2. Generate a “fully resolved” simulation

   The first step is to create a modified version of the Hasegawa-Wakatani example from BOUT++, which we’ll copy to your work directory.

    # For full compatibility with the test simulations run during the SiMLInt project, the diffusive function is modified.
    cp -r $WORK/BOUT-dev/examples/hasegawa-wakatani $WORK/my-hw
    cd $WORK/my-hw
    sed -i 's/-Dn \* Delp4(n);/+Dn \* Delp2(n);/g' hw.cxx
    sed -i 's/-Dvort \* Delp4(vort);/+Dvort \* Delp2(vort);/g' hw.cxx
   

   Compile the code.

    module load intel-20.4/mpi
    module load intel-20.4/compilers
    module load fftw/3.3.10-intel20.4-impi20.4
    module load netcdf-parallel/4.9.2-intel20-impi20
    module load cmake
   
    cmake . -B build -Dbout++_DIR=$WORK/BOUT-dev/build -DCMAKE_CXX_FLAGS=-std=c++17 -DCMAKE_BUILD_TYPE=Release
    cmake --build build --target hasegawa-wakatani
   

   Before simulating the training data, a burn-in run must be conducted at the desired resolution. For an example of this, see fine_init.sh.

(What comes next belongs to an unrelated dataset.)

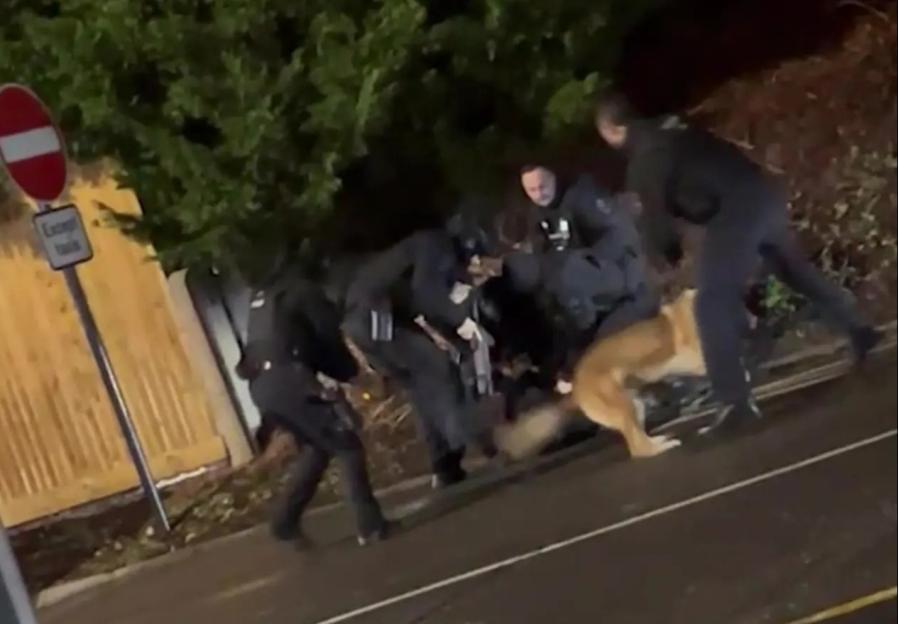 Police officer shouting for cuffs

   Submit the burn-in run:

    cd ${SIMLINT_HOME}/files/1-data-generation/
    sbatch fine_init.sh --account $ACCOUNT
   

   Following that, we run a number of sequentially trajectories to generate fine-grained ground-truth data. See fine_trajectories.sh

   The initial simulation produces “restart files” BOUT.restart.*.nc from which a simulation can be continued.

   Edit fine_trajectories.sh

    for TRAJ_INDEX in {1..10}
   

   to give the desired number of trajectories.

3. Coarsen selected simulation snapshots.

   Fine-grained data must be coarsened to match the desired coarse-grained resolution. This can be done via interpolation for a general solution. Files in files/2-coarsening perform this task. Submit submit-resize.sh via

    sbatch submit-resize.sh --account $ACCOUNT
   

   Note: this operates an array job on all trajectories simultaneously. Edit

    #SBATCH --array=1-10
   

   to match the selected number of trajectories.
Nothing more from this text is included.